→ **What you will do**
Look below for the line that contains "128 Gloria BLVD, Smithville, TX 78957", then quote it and all the lines after it, exactly, with the pictures left out.
Segment Open
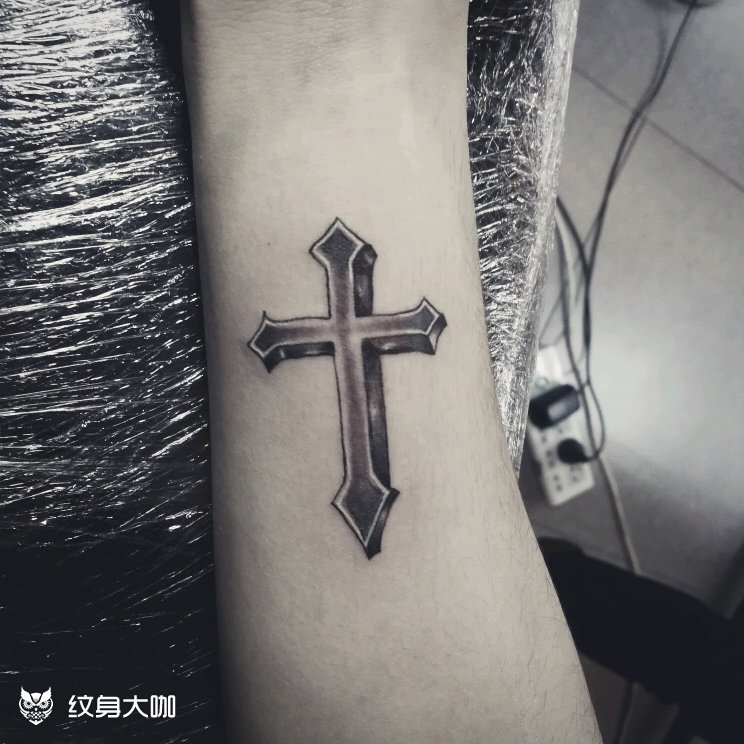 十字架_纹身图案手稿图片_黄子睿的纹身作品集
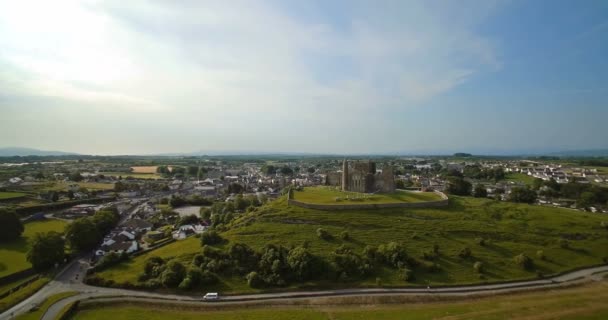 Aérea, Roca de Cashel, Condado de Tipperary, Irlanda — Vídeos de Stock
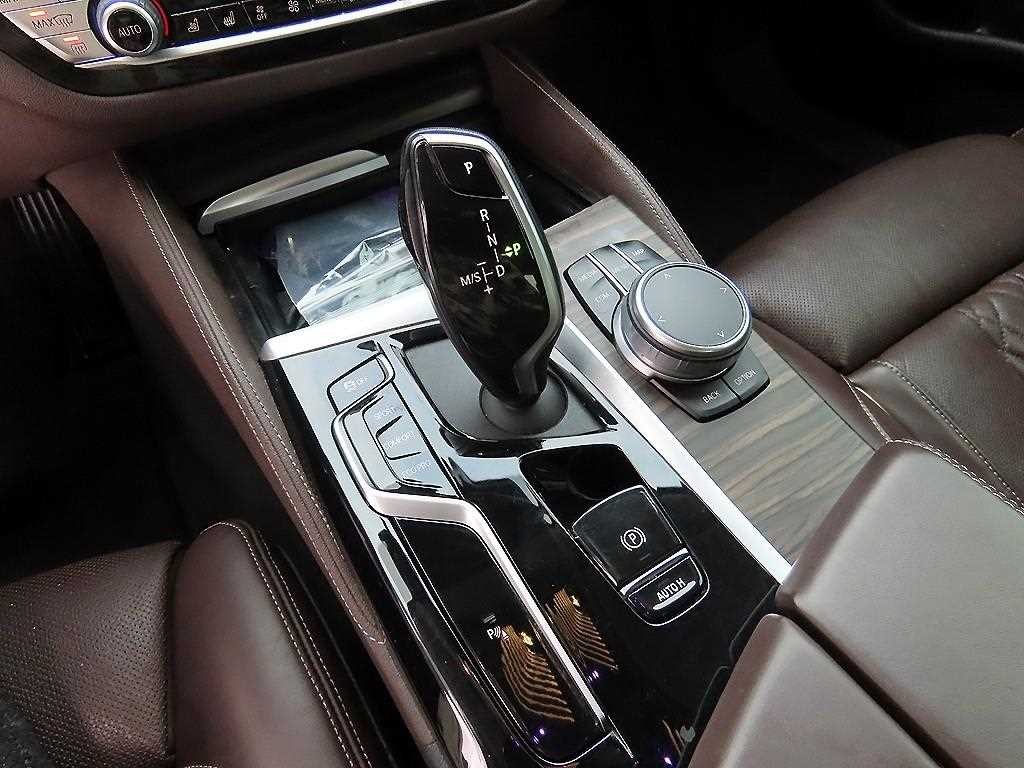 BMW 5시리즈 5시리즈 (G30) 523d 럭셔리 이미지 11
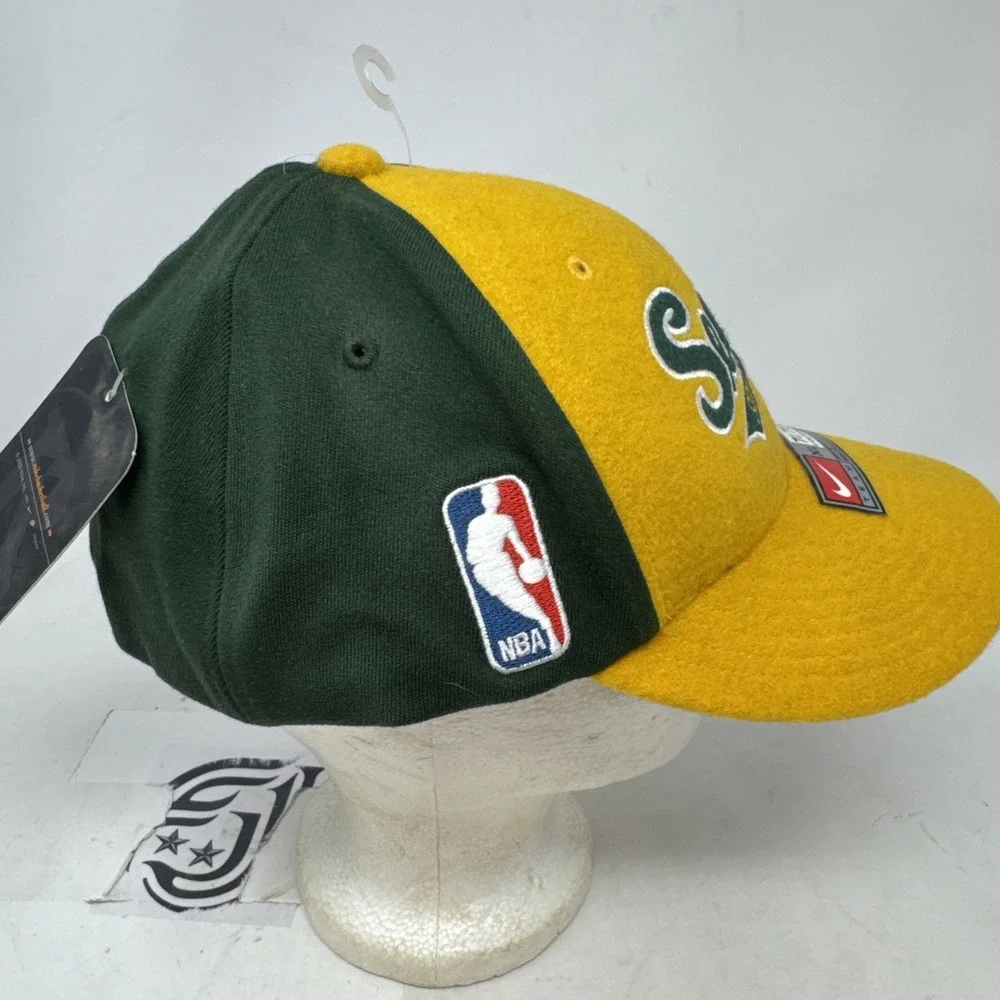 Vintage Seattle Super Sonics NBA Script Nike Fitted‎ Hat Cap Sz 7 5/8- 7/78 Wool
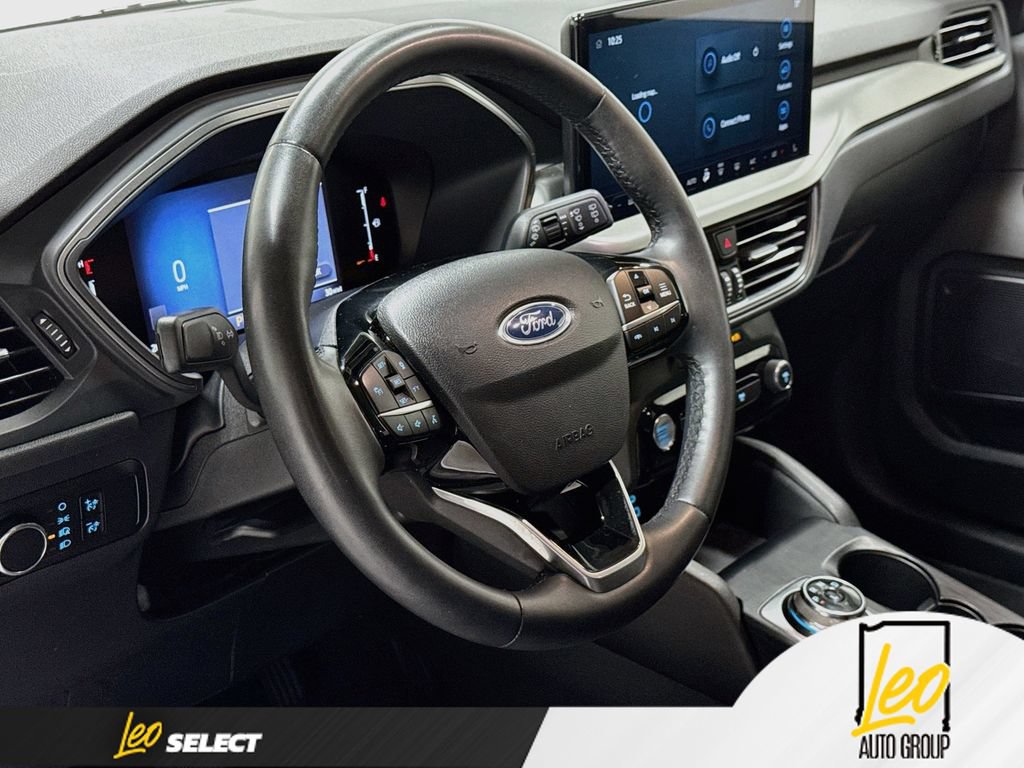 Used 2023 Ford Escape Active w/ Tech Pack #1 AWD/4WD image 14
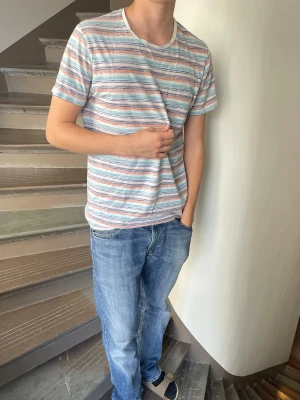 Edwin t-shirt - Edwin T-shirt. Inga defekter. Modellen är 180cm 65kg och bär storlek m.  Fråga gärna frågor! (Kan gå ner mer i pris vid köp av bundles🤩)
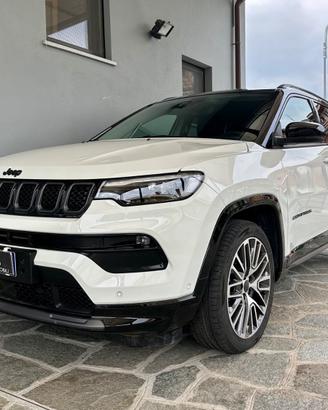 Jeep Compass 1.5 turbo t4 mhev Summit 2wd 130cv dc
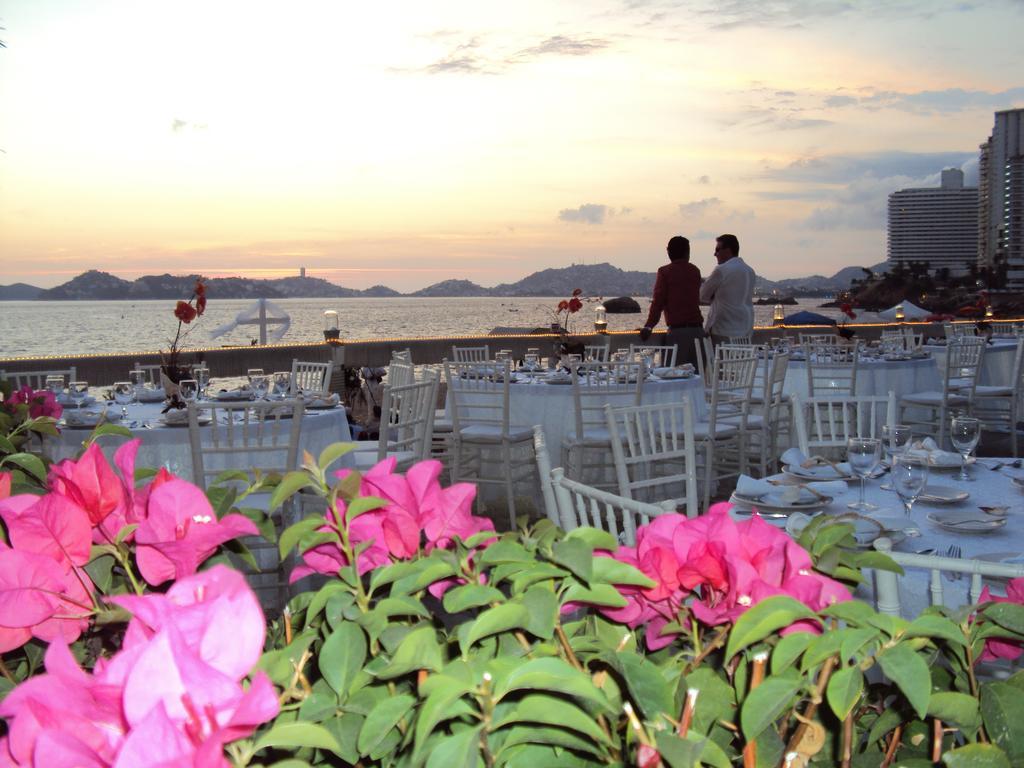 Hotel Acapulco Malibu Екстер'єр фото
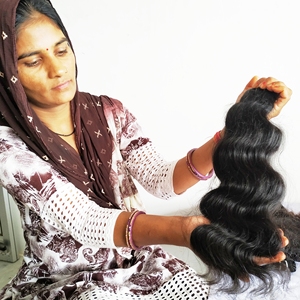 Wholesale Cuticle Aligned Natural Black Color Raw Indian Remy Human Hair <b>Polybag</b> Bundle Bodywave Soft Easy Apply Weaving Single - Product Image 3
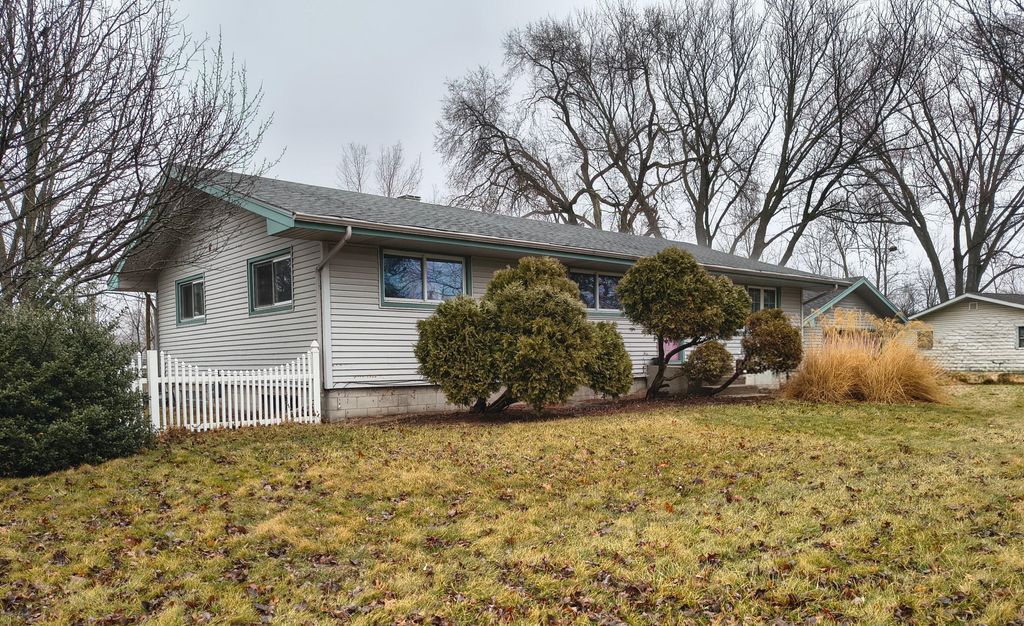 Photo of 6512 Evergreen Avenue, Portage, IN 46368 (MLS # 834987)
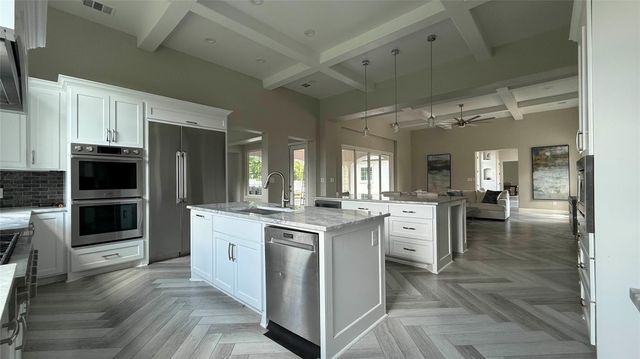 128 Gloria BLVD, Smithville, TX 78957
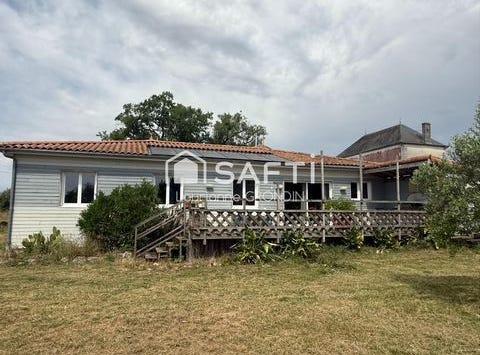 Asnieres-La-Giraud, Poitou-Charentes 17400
Segment Closed
→ **Solution to this problem**
 128 Gloria BLVD, Smithville, TX 78957
 Asnieres-La-Giraud, Poitou-Charentes 17400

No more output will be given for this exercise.